Âgés de 43 à 69 ans, certains étant malades ou infirmes, ils mendiaient chaque jour et par tous les temps, de 7h30 à 19h, et "avaient droit pour toute pitance à un café le matin, à 2 sandwiches le midi et à des restes récupérés des poubelles de supermarchés le soir". Ils subissaient régulièrement fouilles et mises à nu humiliantes en rentrant au camp, pour vérifier qu'ils ne cachaient pas d'argent.

Eux aussi régulièrement frappés, ils ont expliqué aux policiers ne pas avoir pu se soustraire au joug du clan Hristov, notamment "par peur de représailles".

"C'est la pauvreté qui exploite la misère"

Les relevés de compte du père Hristov ont mis au jour le dépôt en espèces de 11.670 euros entre mars 2012 et juin 2013. L'un des mendiants a raconté que Yordan Hristov possédait en Bulgarie une "très belle maison, avec des jets d'eau décoratifs, un verger. Elle est très bien meublée".

Lors de sa garde à vue, Yordan Hristov a, lui, affirmé que tous reversaient volontairement les gains dans "un pot-commun", formant ainsi "une grande famille", l'argent déposé sur son compte devant, "bien sûr", leur être reversé.

"C'est la pauvreté qui exploite la misère, comme si c'était rassurant de trouver quelqu'un plus bas que soi, cela montre qu'on n'est pas au degré zéro", commente Yann Prévost, avocat des parties civiles et représentant de l'ONG marseillaise Organisation internationale contre l'esclavage moderne (OICEM).
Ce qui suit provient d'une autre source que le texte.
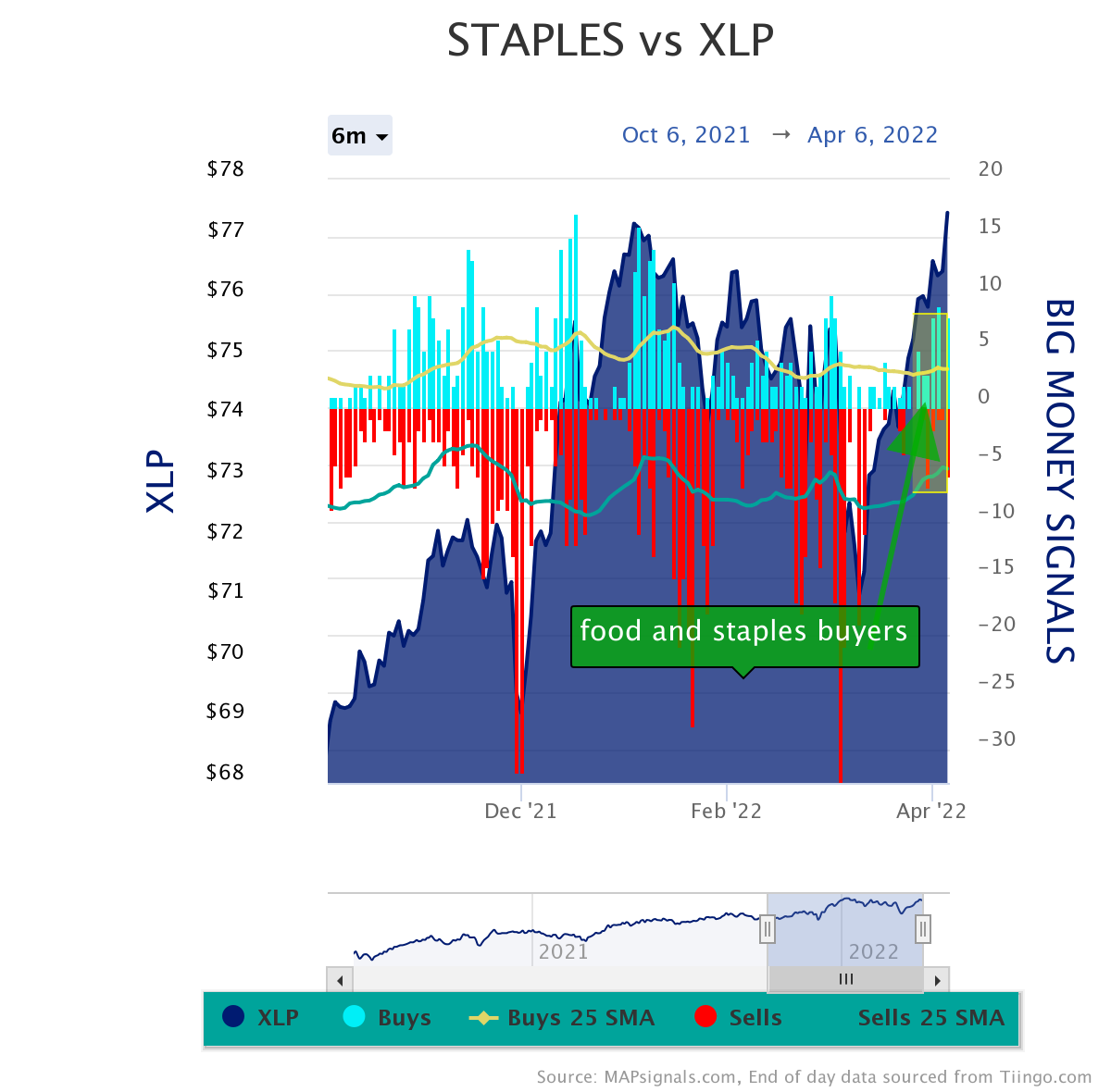 staples vs xlp | food and staples buying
Le défenseur des 6 prévenus, Julien Blot, objecte : "cela peut paraître effrayant, mais ce sont des moins pauvres qui s'occupent des plus pauvres qu'eux. Tout de même, ils n'étaient pas à l'hôtel mangeant grassement pendant que les mendiants travaillaient pour eux. En Bulgarie aussi, ils vivent en communauté".